A. Le refus d’une justification par la nature temporaire de l’emploi
Face à la différence de traitement constatée, la Cour examine si celle-ci peut être justifiée par des « raisons objectives » au sens de la clause 4, point 1, de l’accord-cadre. Le gouvernement polonais avançait que la distinction se justifiait par la différence de nature et d’objet entre les deux types de contrats, le contrat à durée indéterminée offrant une plus grande stabilité. La Cour rejette cet argument de manière catégorique.
Elle réaffirme avec force sa jurisprudence constante selon laquelle « le recours à la seule nature temporaire du travail n’est pas susceptible de constituer une raison objective ». Justifier une différence de traitement par un critère général et abstrait lié à la durée même de l’emploi viderait les objectifs de la directive de leur substance. La Cour souligne qu’une telle approche « reviendrait à pérenniser le maintien d’une situation défavorable aux travailleurs à durée déterminée ». En refusant que la précarité inhérente au contrat à durée déterminée serve de prétexte à une réduction des droits du travailleur, elle réaffirme que la protection contre la discrimination doit s’appliquer à l’ensemble des conditions de travail, y compris au moment de la rupture.
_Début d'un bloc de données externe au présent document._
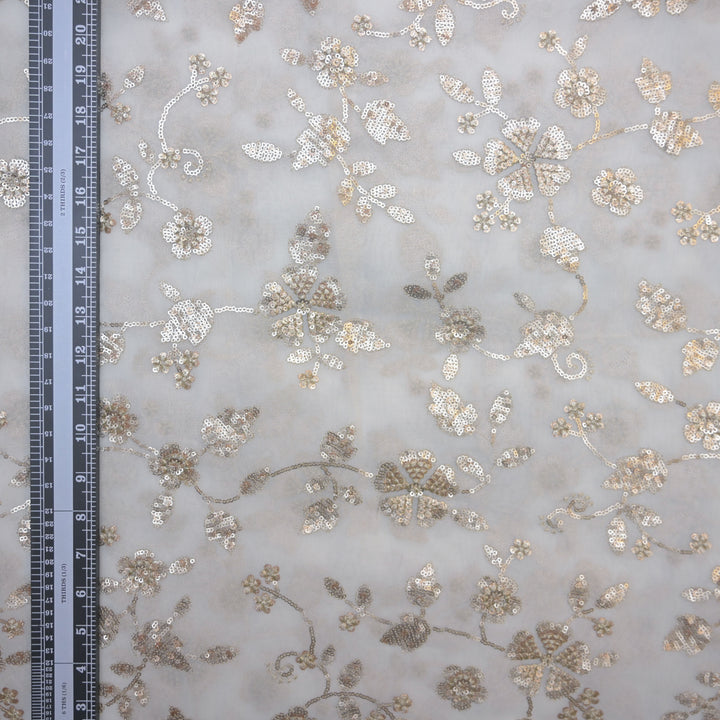 White Georgette Dyeable Fabric with allover Zari & Sequins Embroidery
B. La portée de la décision : vers une convergence des droits à la rupture
En censurant une réglementation nationale qui module le délai de préavis uniquement en fonction de la nature du contrat, la Cour de justice envoie un signal clair aux États membres. La solution retenue implique que l’ancienneté d’un travailleur, critère objectif et lié à l’expérience acquise auprès d’un employeur, ne peut être ignorée pour les travailleurs à durée déterminée si elle est prise en compte pour les travailleurs permanents se trouvant dans une situation comparable. La décision impose donc une convergence des droits liés à la rupture du contrat de travail.
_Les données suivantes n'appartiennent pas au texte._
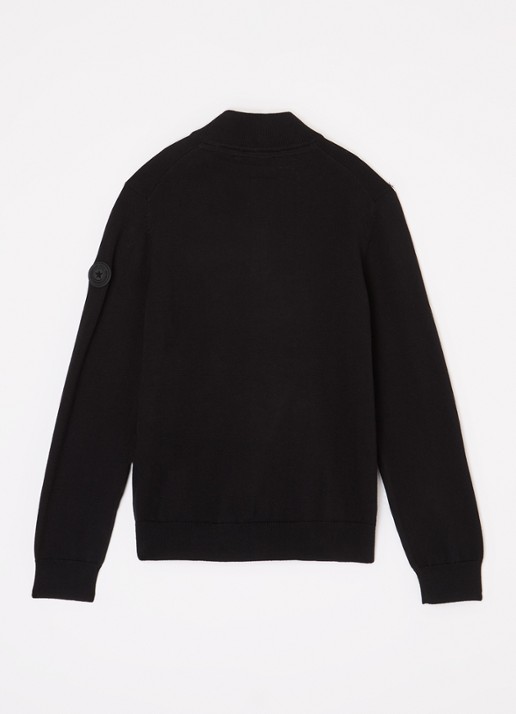 Airforce Fijngebreide pullover van  katoen met halve rits - voorkant 3 zwart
La portée de cet arrêt est significative. Il empêche que le contrat à durée déterminée devienne un outil permettant de priver les salariés d’une protection fondamentale liée à la fin de leur relation de travail. La stabilité de l’emploi, qui est l’apanage du contrat à durée indéterminée, ne saurait justifier une instabilité accrue dans les conditions de rupture pour les autres travailleurs. Cette jurisprudence renforce ainsi l’idée que le contrat à durée déterminée doit être une modalité d’emploi équivalente en droits au contrat de droit commun, et non une forme d’emploi dérogatoire et moins protectrice sur des aspects aussi essentiels que le préavis.